COLORADO SPRINGS — Let's face it, forest fires grab our attention. They burn thousands of acres, create large billows of smoke, and can last for months.
But this week, grass fires are stealing our attention with their surge in frequency. A wildfire north of Woodland Park prompted evacuations on Thursday. Over 600 acres of one rancher's property burned in the Bent's Old Fort fire and a volunteer firefighter lost his home in the Fort Lyon fire this week. A home burned down in a wildfire in El Paso county Sunday. And an animal shelter was evacuated during a fast-moving wildfire in Pueblo over the weekend.
Research published in 2018 by the National Fire Protection Association (NFPA) found that in the western U.S. local fire departments are responding to wildfires year-round.
The NFPA found that 75% of their fire response is grass and brush fires. This data does not include federal wildfire response, which accounts for the majority of forest fires. But, what it does indicate is wildfire threats to municipalities and cities are predominately grass and brush fires.
Types of Wildfires
Grass and brush fires consist of quick-drying, flashy fuels. Forest fires are slow drying, long burning fuels.

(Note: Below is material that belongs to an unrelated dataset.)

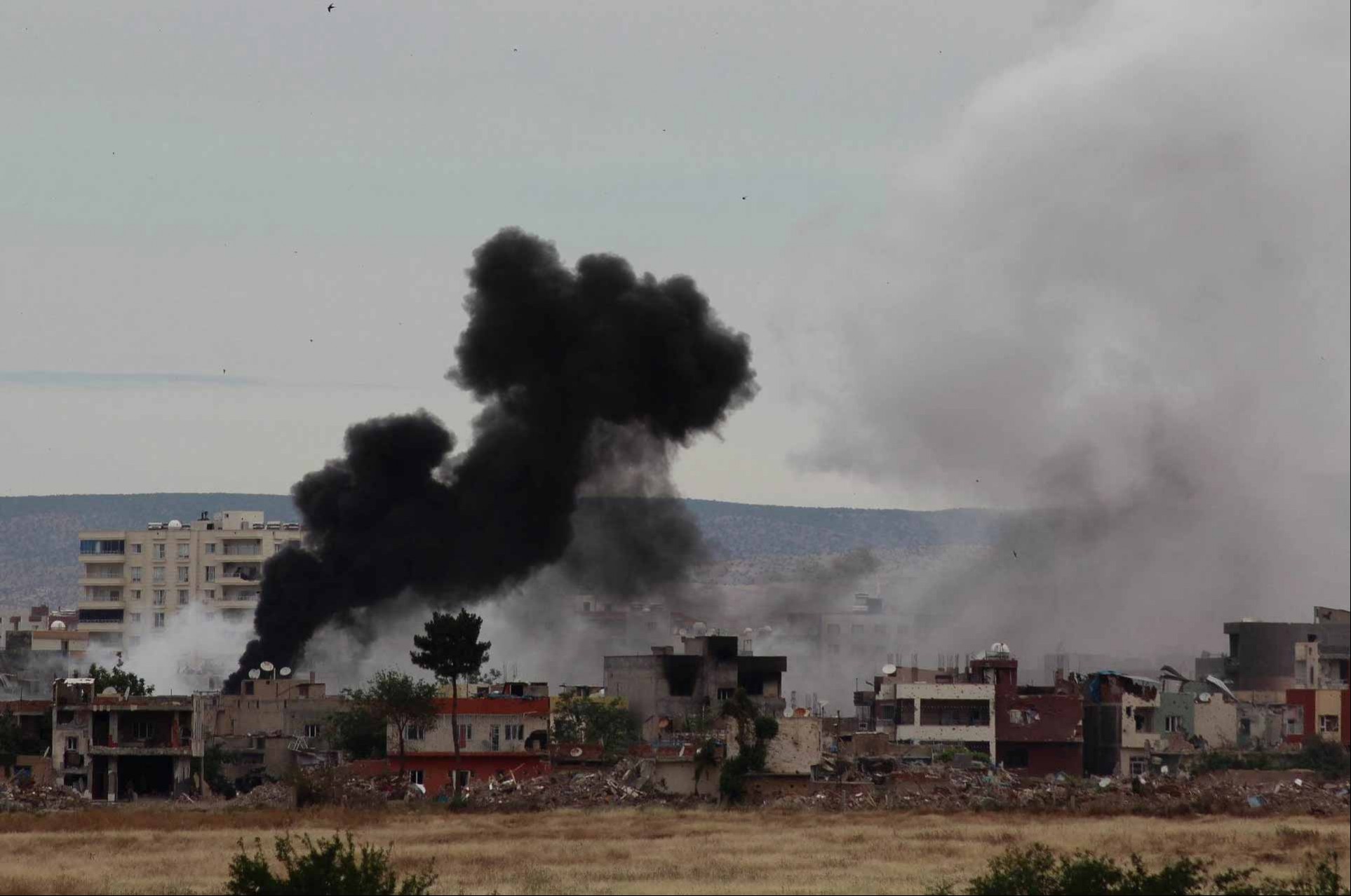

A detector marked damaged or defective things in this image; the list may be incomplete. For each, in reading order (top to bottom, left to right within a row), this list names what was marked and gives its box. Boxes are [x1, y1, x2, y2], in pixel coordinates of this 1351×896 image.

Grass and brush fires usually last hours or days and they will happen any time of year. Forest fires have a general seasonality to them. During the winter and early spring, the snowpack keeps fires at bay. After spring snow melt, forests will gradually dry through the summer and fall. Forest fires can burn for weeks or months.
Bottom line, it is always a good idea to educate yourself on your home's wildfire risk. Both Colorado Springs and the state of Colorado have created interactive maps to determine your wildfire risk.